**Task prompt**
For each line of the data below that contains "background", return that line.
========================
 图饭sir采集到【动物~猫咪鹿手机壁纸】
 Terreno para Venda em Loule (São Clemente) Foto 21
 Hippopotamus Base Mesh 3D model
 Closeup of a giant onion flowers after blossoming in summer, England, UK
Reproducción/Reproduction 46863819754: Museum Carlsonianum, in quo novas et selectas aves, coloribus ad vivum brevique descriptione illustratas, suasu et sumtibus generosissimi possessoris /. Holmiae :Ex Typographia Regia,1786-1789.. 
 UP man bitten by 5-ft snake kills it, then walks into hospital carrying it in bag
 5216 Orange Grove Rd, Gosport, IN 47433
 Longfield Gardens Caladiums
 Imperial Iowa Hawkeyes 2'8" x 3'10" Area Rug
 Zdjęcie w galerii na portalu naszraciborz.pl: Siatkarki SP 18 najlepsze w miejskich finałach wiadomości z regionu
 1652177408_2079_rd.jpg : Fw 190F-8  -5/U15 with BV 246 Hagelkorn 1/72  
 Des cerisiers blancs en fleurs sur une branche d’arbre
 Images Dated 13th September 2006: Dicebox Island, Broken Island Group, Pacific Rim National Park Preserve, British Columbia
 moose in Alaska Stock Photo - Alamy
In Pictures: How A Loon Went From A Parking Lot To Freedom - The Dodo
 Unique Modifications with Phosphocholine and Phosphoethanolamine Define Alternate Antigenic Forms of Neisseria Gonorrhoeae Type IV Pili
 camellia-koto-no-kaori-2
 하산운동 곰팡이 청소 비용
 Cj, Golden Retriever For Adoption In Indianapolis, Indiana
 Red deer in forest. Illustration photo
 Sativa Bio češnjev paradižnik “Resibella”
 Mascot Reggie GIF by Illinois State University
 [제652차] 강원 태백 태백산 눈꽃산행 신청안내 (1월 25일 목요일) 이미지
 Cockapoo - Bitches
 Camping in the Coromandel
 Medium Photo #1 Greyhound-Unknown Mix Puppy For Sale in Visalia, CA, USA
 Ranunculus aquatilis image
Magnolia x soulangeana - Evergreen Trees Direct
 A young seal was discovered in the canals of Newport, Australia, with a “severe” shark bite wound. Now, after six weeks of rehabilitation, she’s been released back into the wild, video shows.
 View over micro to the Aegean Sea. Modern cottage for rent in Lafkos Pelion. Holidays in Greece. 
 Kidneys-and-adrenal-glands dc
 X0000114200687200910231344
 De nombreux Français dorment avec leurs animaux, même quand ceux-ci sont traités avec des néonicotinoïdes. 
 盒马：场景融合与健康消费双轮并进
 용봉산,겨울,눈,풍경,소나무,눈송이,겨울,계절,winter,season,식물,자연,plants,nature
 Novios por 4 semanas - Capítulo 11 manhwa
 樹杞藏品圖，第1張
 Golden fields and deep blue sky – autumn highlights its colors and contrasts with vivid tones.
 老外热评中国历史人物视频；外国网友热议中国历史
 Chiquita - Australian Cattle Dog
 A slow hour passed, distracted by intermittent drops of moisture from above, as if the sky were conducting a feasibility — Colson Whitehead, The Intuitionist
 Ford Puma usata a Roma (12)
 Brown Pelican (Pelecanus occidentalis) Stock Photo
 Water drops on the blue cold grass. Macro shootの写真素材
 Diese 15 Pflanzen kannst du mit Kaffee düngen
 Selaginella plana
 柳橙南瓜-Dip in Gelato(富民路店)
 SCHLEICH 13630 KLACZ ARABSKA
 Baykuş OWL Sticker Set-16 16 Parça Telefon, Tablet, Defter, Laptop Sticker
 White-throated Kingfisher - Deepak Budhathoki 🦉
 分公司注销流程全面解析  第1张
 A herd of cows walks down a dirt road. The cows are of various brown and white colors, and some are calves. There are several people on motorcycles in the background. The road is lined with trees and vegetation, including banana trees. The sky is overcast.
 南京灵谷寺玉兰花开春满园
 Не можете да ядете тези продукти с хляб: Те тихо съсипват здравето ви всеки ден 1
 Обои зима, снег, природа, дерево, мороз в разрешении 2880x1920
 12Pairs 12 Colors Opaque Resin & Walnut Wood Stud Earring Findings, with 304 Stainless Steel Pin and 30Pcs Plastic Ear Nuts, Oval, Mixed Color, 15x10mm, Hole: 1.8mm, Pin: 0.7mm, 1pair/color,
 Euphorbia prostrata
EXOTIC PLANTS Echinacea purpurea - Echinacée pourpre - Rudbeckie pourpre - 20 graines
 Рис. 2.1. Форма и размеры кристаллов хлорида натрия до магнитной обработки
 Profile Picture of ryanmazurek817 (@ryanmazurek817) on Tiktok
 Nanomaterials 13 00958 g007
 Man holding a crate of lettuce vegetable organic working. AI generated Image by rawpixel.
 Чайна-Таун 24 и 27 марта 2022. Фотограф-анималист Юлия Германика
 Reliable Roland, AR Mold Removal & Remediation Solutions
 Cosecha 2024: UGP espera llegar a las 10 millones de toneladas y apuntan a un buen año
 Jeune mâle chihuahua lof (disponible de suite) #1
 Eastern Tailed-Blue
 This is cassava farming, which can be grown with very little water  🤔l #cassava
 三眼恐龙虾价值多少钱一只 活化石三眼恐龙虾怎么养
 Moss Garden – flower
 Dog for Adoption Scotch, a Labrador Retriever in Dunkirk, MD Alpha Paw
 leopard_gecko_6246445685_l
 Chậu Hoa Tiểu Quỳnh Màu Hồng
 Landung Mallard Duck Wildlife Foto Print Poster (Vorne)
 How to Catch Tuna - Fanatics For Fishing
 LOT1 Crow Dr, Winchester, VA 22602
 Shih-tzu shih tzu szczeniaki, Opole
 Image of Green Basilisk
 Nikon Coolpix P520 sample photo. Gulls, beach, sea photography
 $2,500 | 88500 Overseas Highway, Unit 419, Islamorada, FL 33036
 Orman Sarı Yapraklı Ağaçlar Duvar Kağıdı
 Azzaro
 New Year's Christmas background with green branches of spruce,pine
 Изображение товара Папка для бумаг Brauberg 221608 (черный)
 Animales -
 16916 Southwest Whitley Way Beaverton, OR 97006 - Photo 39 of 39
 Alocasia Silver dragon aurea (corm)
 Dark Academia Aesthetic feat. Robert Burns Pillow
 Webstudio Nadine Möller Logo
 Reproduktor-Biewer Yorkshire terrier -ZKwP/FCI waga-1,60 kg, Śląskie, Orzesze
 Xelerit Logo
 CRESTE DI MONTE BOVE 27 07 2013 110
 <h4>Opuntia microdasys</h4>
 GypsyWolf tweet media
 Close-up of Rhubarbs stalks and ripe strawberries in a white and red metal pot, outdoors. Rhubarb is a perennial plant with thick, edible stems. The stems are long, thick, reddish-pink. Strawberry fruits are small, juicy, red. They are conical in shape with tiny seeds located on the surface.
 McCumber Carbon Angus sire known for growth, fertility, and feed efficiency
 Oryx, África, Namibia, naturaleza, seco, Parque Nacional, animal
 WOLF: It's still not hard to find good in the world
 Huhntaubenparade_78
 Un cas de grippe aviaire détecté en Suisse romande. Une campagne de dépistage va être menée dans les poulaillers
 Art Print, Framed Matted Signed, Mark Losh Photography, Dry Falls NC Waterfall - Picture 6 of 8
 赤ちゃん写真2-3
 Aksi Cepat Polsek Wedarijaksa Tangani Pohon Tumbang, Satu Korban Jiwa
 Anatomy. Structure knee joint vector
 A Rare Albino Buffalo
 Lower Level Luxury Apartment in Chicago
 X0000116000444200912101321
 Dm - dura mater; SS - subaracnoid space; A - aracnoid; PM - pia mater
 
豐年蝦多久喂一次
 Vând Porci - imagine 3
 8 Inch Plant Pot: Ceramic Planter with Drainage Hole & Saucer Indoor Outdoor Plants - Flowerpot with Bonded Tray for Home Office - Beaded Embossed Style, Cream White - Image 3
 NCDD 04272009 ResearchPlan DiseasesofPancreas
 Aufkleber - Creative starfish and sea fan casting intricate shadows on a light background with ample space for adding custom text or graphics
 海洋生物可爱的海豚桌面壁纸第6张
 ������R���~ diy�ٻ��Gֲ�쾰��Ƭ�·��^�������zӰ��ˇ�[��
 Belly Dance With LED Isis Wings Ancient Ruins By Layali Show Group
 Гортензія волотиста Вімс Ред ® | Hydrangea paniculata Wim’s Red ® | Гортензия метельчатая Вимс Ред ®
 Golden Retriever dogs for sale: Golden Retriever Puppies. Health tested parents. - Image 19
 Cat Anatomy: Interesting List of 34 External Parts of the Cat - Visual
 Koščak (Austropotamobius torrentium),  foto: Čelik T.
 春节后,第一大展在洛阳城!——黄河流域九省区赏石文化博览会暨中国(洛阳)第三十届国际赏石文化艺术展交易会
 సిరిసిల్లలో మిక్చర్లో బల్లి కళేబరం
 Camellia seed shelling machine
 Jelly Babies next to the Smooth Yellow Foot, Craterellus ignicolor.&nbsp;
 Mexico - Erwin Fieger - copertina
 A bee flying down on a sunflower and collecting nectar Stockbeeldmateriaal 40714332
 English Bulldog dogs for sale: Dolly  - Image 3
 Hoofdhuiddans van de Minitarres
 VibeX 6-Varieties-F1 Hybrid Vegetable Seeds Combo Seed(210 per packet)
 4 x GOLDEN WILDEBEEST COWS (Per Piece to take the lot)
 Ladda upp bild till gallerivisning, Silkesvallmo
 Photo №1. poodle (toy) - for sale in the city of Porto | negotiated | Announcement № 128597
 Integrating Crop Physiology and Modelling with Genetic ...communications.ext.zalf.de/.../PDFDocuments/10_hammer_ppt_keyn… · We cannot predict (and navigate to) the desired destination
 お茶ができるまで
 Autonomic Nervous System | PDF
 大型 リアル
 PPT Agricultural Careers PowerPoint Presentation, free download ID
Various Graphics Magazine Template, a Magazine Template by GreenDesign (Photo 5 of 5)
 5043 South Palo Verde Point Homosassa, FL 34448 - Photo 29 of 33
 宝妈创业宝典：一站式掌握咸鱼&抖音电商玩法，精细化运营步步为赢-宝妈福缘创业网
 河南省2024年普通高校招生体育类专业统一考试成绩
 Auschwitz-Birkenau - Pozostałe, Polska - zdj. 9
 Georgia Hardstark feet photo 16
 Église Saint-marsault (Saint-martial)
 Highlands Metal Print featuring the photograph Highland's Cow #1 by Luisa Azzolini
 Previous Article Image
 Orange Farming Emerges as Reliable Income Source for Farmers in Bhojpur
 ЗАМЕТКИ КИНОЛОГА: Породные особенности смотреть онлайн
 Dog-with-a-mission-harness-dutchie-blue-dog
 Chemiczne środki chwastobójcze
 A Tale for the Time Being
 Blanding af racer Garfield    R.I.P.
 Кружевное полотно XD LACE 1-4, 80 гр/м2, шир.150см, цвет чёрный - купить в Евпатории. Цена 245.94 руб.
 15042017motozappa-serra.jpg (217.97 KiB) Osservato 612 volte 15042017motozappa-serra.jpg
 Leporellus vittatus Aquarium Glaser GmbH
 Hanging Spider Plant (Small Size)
========================
**Problem solution**
 A herd of cows walks down a dirt road. The cows are of various brown and white colors, and some are calves. There are several people on motorcycles in the background. The road is lined with trees and vegetation, including banana trees. The sky is overcast.
 New Year's Christmas background with green branches of spruce,pine
 Aufkleber - Creative starfish and sea fan casting intricate shadows on a light background with ample space for adding custom text or graphics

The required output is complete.